A similar fate visits Bennie Ford—the protagonist of Jonathan Miles’s debut novel Dear American Airlines. On his way to his daughter’s “commitment ceremony” in Los Angeles, Bennie is stranded for what seems like an eternity in O’Hare. “I stand beneath the screens like a child waiting for Santa’s sleigh to appear in the night sky, examining each star for the faintest trace of movement, ears attuned to the jingle of far-off bells,” Bennie says, “But the screens barely flicker. All flights westward canceled, eastward canceled, everything canceled.”
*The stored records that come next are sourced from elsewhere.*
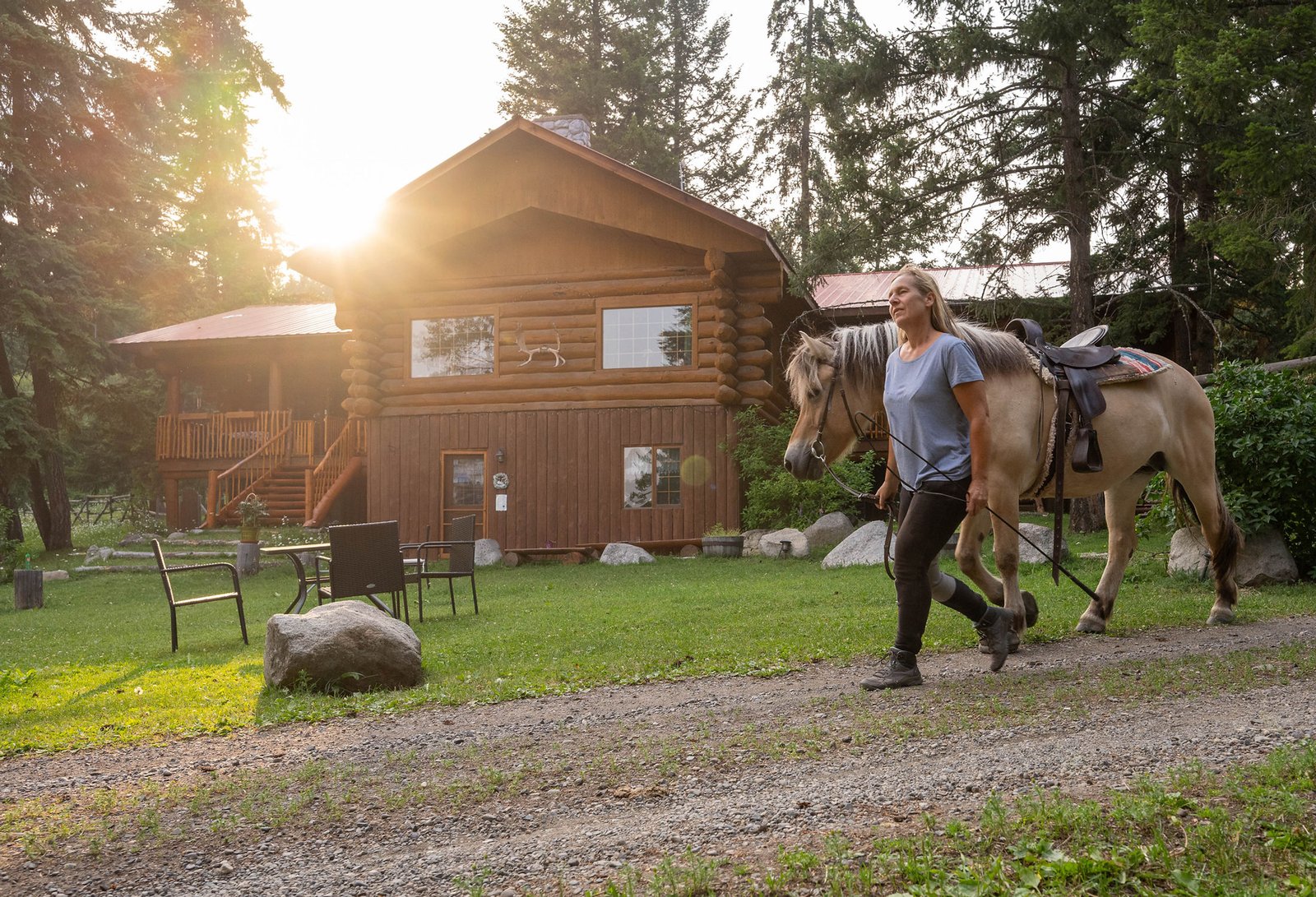 Eine Frau führt ein Pferd am Halfter vor einem Blockhaus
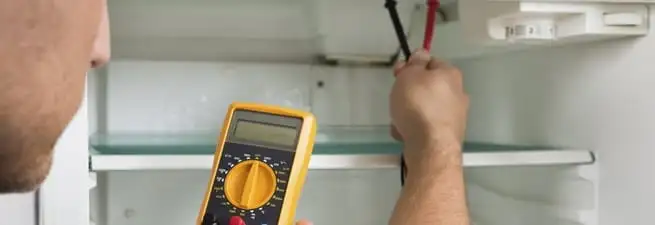 Refrigerator repair technician testing electrical components with a multimeter in Pueblo, CO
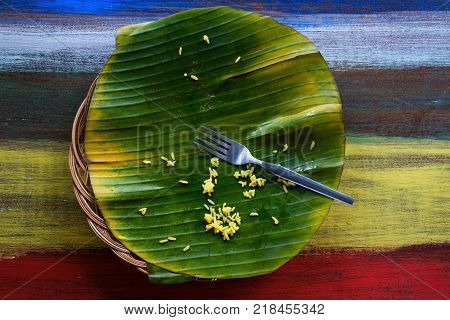 Dirty dish after food. The palm leaf and the remains of rice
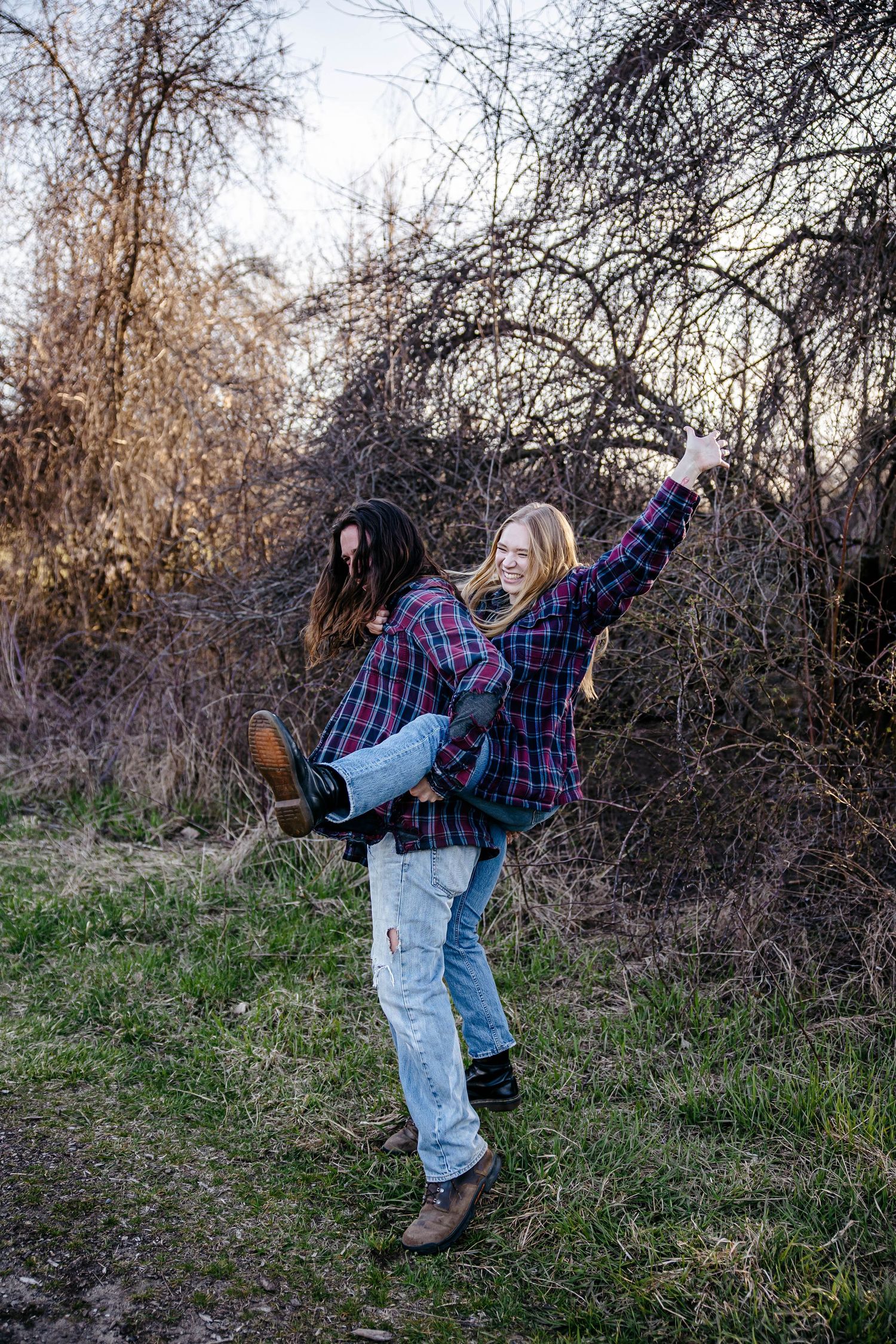 Two people playfully kick their legs up while posing together in a wooded area on a winter day.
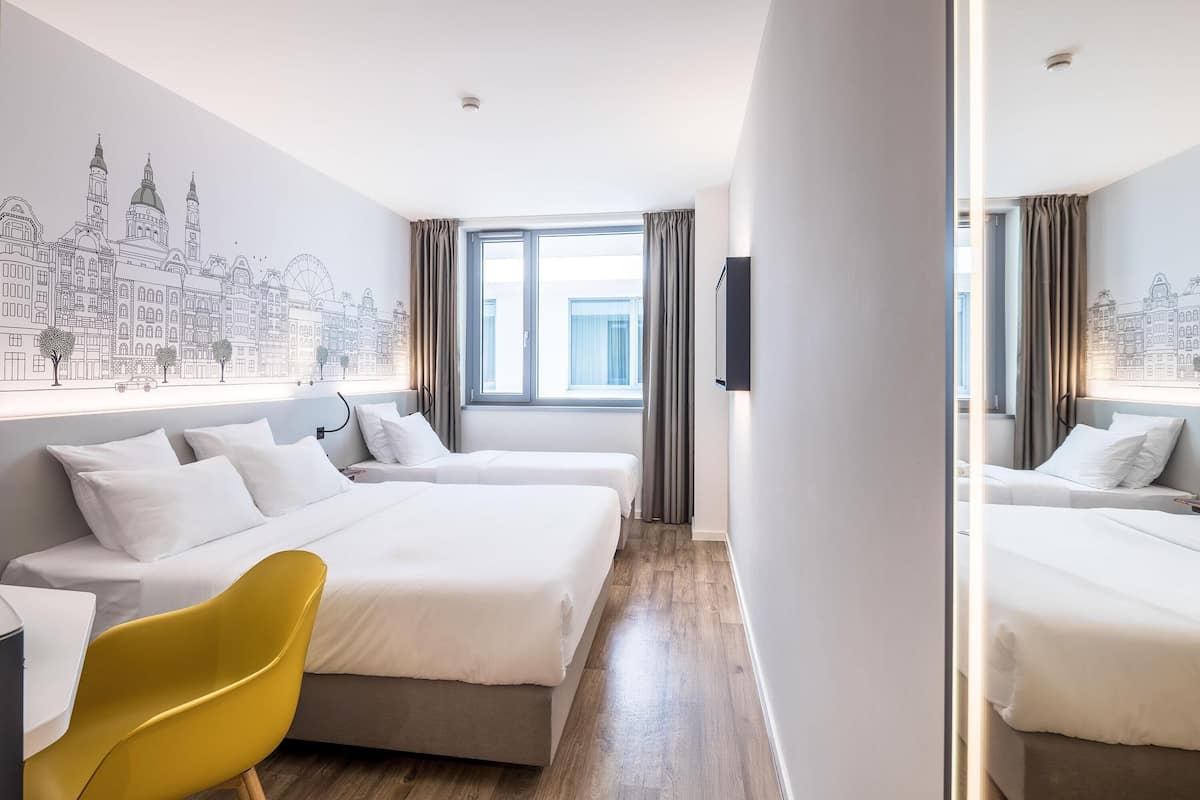 A hotel room with two beds, a yellow chair, a cityscape mural, and a large window with curtains.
In an interview, the author Jonathan Miles has said that airport rage is a very distinct sort of anger. “It’s a mind-bendingly helpless feeling—you’re trapped in airport limbo and there’s nothing you can do to escape,” he says. “You want to open your yap and just scream.” And “scream” is what Bennie does. Furious at the interminable wait, Bennie starts to write a letter of complaint to the airlines demanding a refund. What starts out as a straightforward complaint turns out to be a touching narrative of Bennie’s own life. Bennie uses the airline’s tactic back at them when he waxes eloquent: “Digressing, after all, is not so different from rerouting, and let’s not pretend, dear ones, that you’re innocent of that,” he points out. So it is that in just a few pages, Miles visits Bennie’s childhood, his non-starter career as poet and his failed marriages. Interspersed in this narrative are also pieces of a Polish story that Bennie is working on translating. Interestingly enough, the Polish story is also about a person trying to reinvent himself (in this case it’s a shell-shocked soldier) and the parallels between Bennie’s life and that of the soldier are hard to miss.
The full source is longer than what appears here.